July 16, 2018

The links between business and politics in India

Resident Senior Fellow, Vivek Dehejia writes in Mint on why fears of political capture by big business in India are at present overblown. Excerpts below:

 

"I had the pleasure recently of speaking at the second annual Oxford University Press South Asia Conclave in New Delhi, built around recently released, or soon-to-be-released, books on India in the social sciences. Political scientist and commentator Ashutosh Varshney, who is the editor of the Oxford series on India, chaired and convened the event with aplomb and his accustomed intellectual flair. It brought together scholars, politicians, journalists, and other observers of the Indian scene.

 

I shall confine my remarks in this column to the last panel, Business and Politics in India, on which I served as a discussant along with senior journalists Shekhar Gupta and T.N. Ninan.

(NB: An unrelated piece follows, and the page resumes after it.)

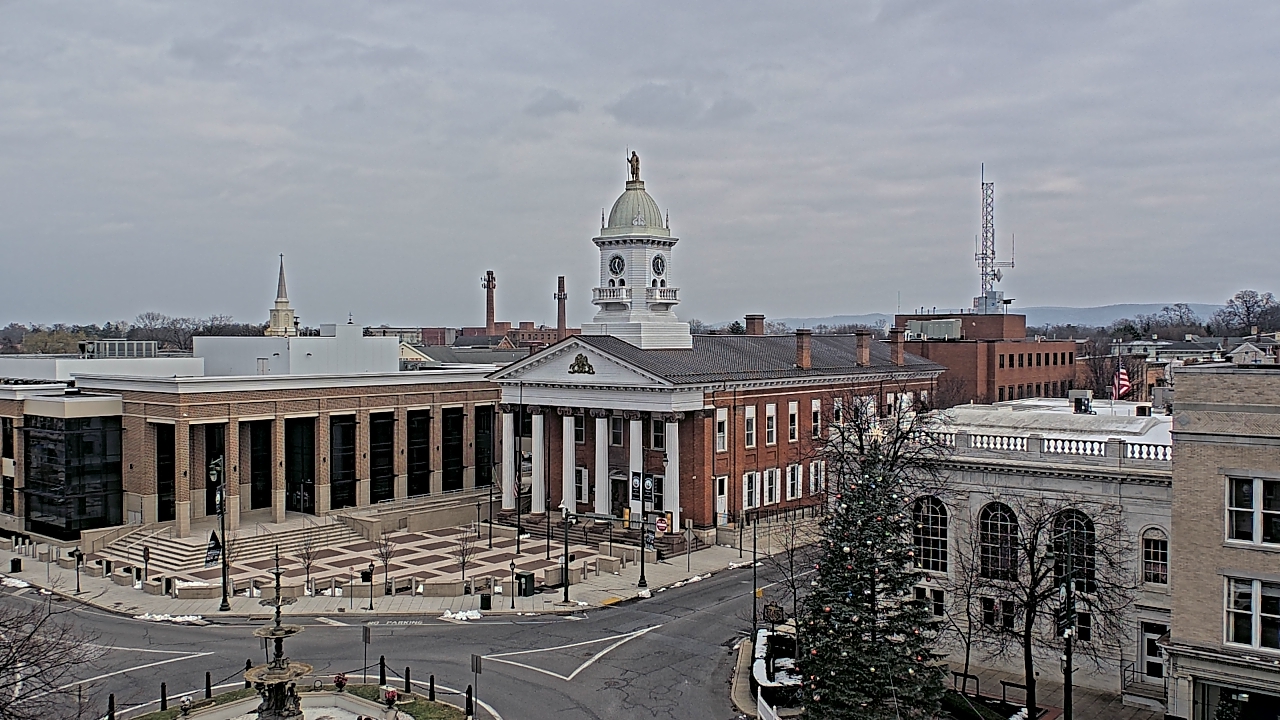Thumbnail for current weather camera view from Franklin County 11-30 Visitors Center in Chambersburg, Pennsylvania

The panel was built around a soon-to-be released eponymous book, edited by political scientists Christophe Jaffrelot, Atul Kohli and Kanta Murali.
 

The basic premise of the book is well summarized by the following quotation: “The struggle between the power of wealth and the power of numbers is a perennial one in all capitalist democracies.” In other words, politicians need to win votes, but they also need to negotiate a relationship with business, especially big business, both to help generate growth which will give them revenue that they may disperse, and also more directly for purposes such as campaign finance."